Although I’ve traveled over much of the world and currently live an ocean away from where I grew up, I’m able to stay in touch with the news in my home town (Canton, Ohio) thanks to the Internet. I like to check out the home town newspaper (The Canton Repository) whenever I get a few spare moments.

I came across an extremely disturbing article there today about how some of the smallest children in Stark County (the county in which Canton sits) are being horribly abused and sometimes even killed by abuse. A one year old child who was placed on a dresser, then hit hard in the head and pushed off the dresser (he died). A two year old with a skull fracture so severe that surgeons had to remove skull fragments from her brain.

Why?

Click here to read the story about child abuse.

The Stark County Department of Children’s Services has placed over 1,000 pinwheels at a prominent location in Canton (the Market Avenue location is almost in the middle of the downtown area, if my memory serves me correctly).

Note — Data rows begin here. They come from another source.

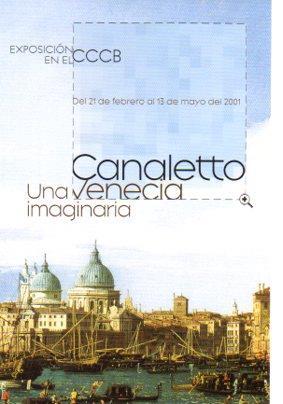 Image du vendeur pour POSTAL PV05788: Publicidad Exposicion CCCB Canaletto Una Venecia imaginaria 2001 mis en vente par EL BOLETIN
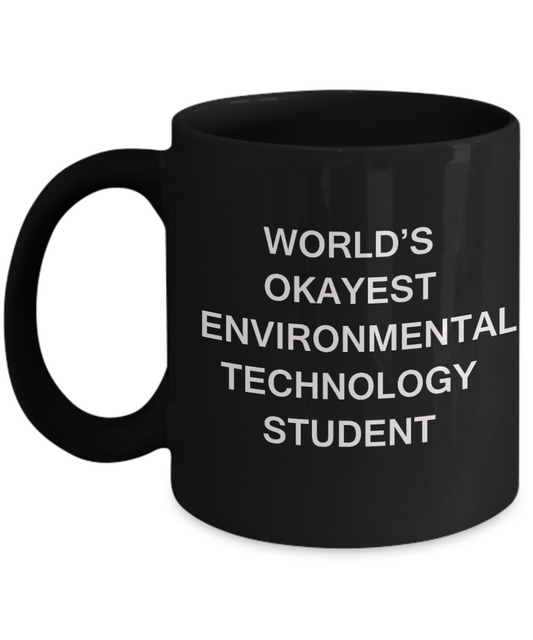 Gifts gor college students - World's Okayest Environmental Technology Student - Porcelain Black Funny Coffee Mug & Gifts for Students 11 OZ - Funny Gifts Ideas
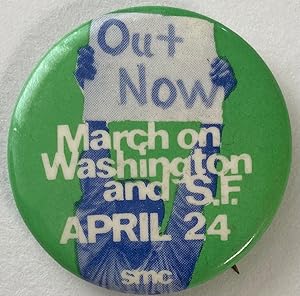 Seller image for Out Now. March on Washington and SF, April 24 [pinback button] for sale by Bolerium Books Inc.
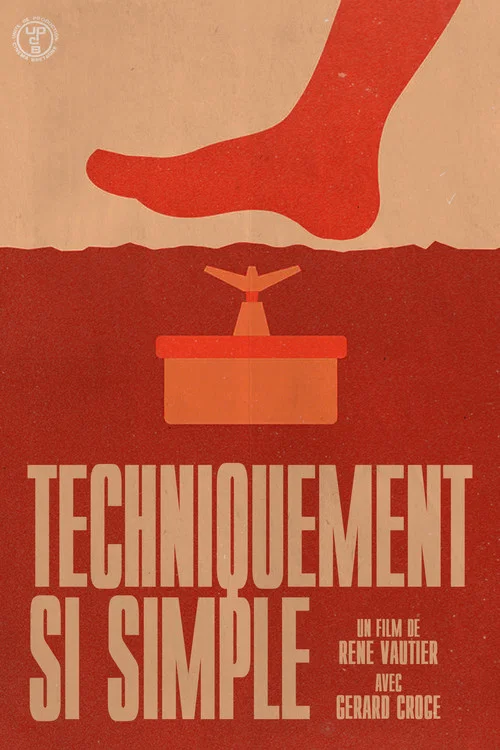 Постер: Techniquement Si Simple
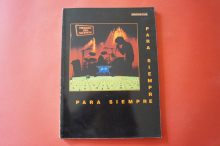 Heroes del Silencio - Para siempre Songbook Notenbuch Vocal Guitar
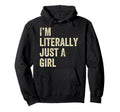I Am Literally Just Hoodie - Novelty Apparel Men Women - T-Shirt, Sweatshirt, Hoodie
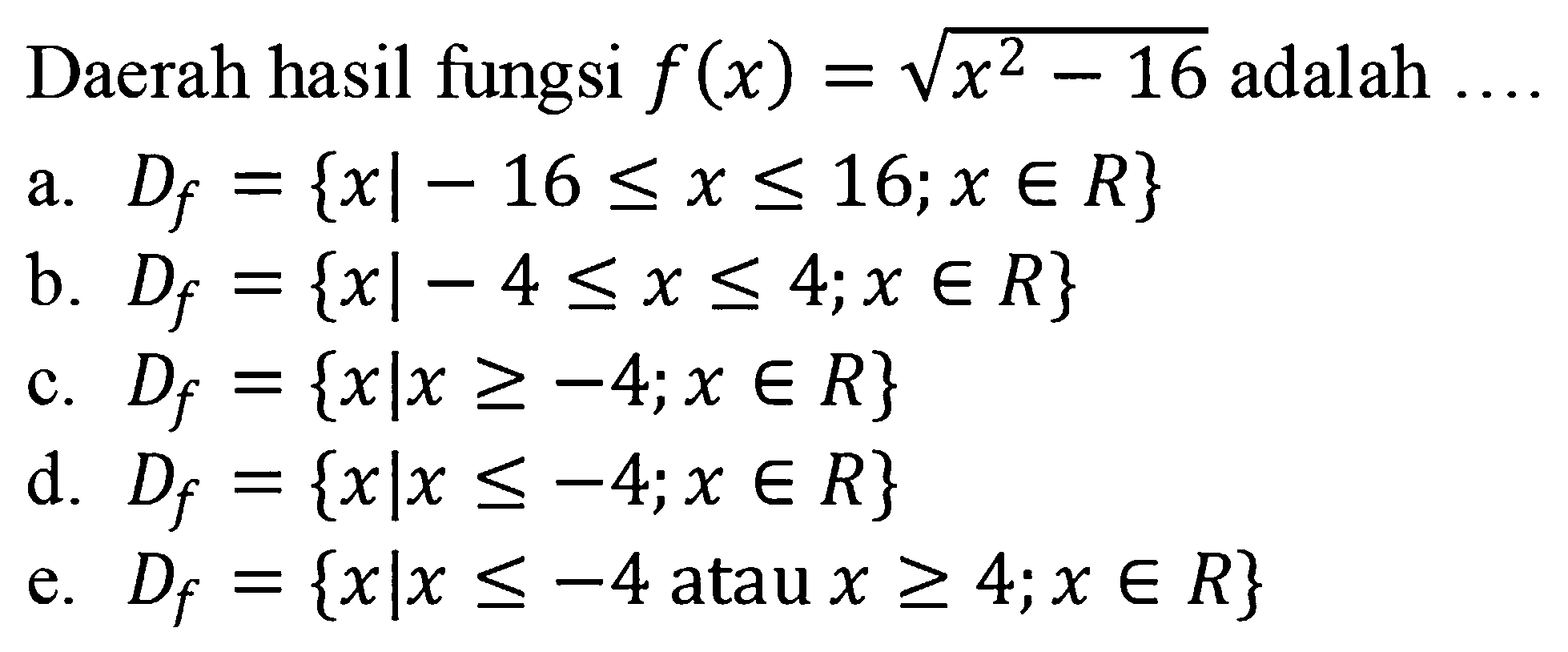 Daerah hasil fungsi f(x)=akar(x^2-16) adalah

Each pinwheel represents a neglected or abused child. It’s a strong graphic image of the effect of child neglect and abuse and is hopefully serving as a reminder of something that needs to change.

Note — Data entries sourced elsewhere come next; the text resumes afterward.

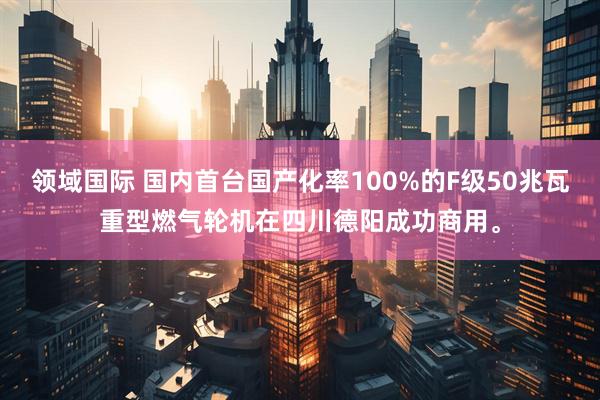 领域国际 国内首台国产化率100%的F级50兆瓦重型燃气轮机在四川德阳成功商用。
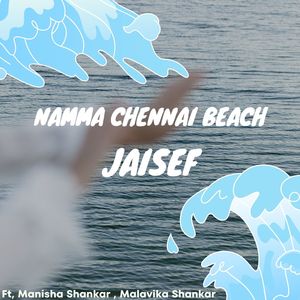 Namma Chennai Beach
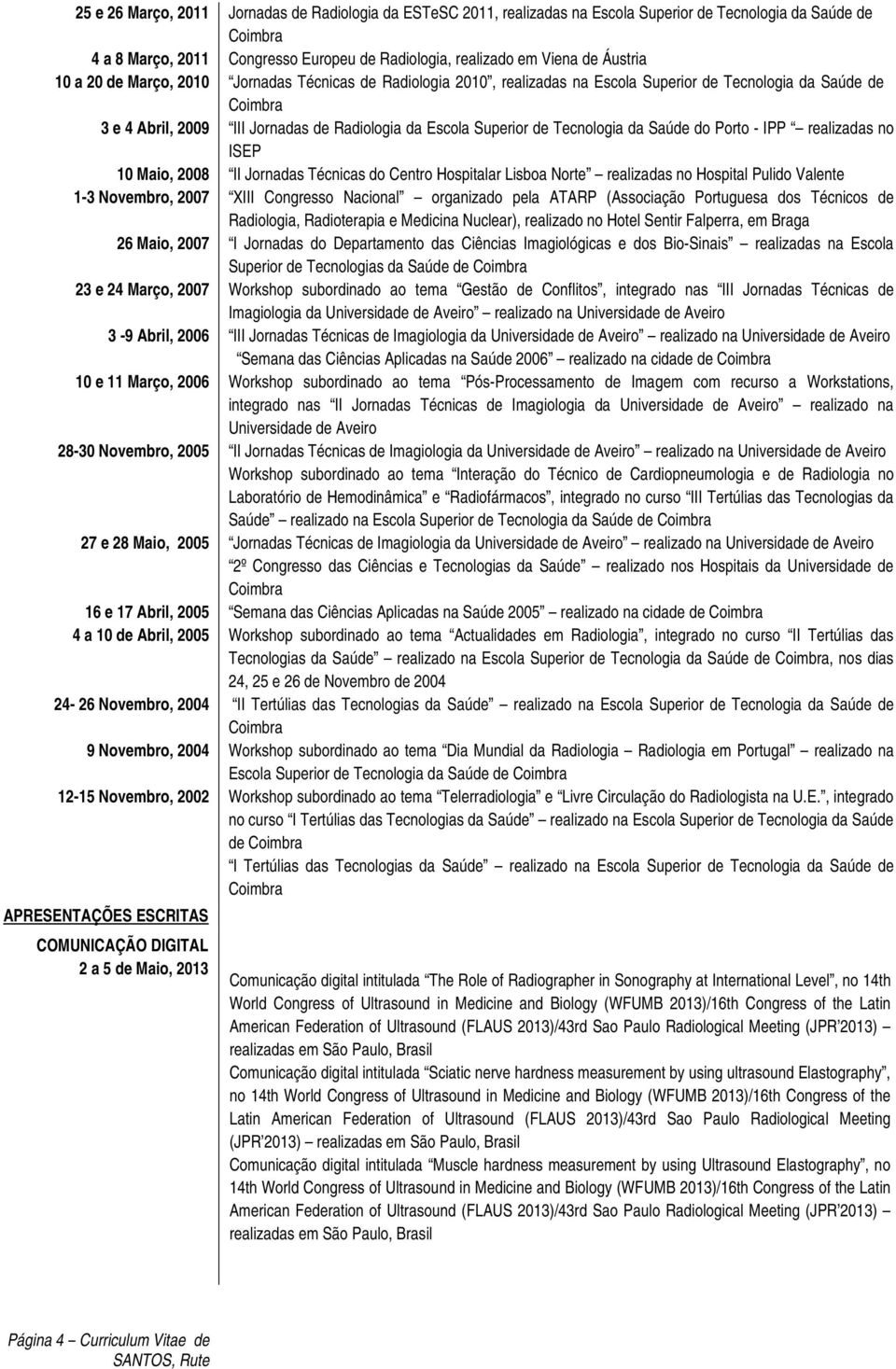 Radiologia da ESTeSC 2011, realizadas na Escola Superior de Tecnologia da Saúde de Congresso Europeu de Radiologia, realizado em Viena de Áustria Jornadas Técnicas de Radiologia 2010, realizadas na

Will you do me a favor RIGHT NOW while things are calm in your house? I’ll assume that you’re a parent (or thinking about becoming one) if you’re reading this blog. Take a moment to look in the government listings of your phone book for the listing for Family Advocacy, Children’s Services, or something similar. Write down the phone number and put that card on your refrigerator.

If you ever find yourself in a situation where you are so “whatever” that you think you might do something to hurt your child, CALL THAT NUMBER. Get help. Or if you’re in such a position and don’t have that card, call the police. Get help.

Speaking as the father of a precious toddler (22 months old as I write this), I can’t imagine hurting her. She’s bright, curious, and pure joy as far as I’m concerned. Putting an end to her childhood innocence by abuse or neglect is the last thing I’d want to do to that child. Nevertheless, I carry the number for the Family Advocacy program at our local military base (as well as the phone number for the Military Police detachment) in my wallet, just in case.

And if you know of a child who is being neglected, please make the call. Childhood is precious, and having a healthy environment while growing up is crucial to a child’s proper development. So make the call if abuse or neglect is evident. Please get involved.

Thanks for listening,
Tom

P.S. — I also have the phone number for our local Poison Control Center handy, just in case. And keep half a tank of gas in your car at all times in case you need to make that midnight run to the emergency room!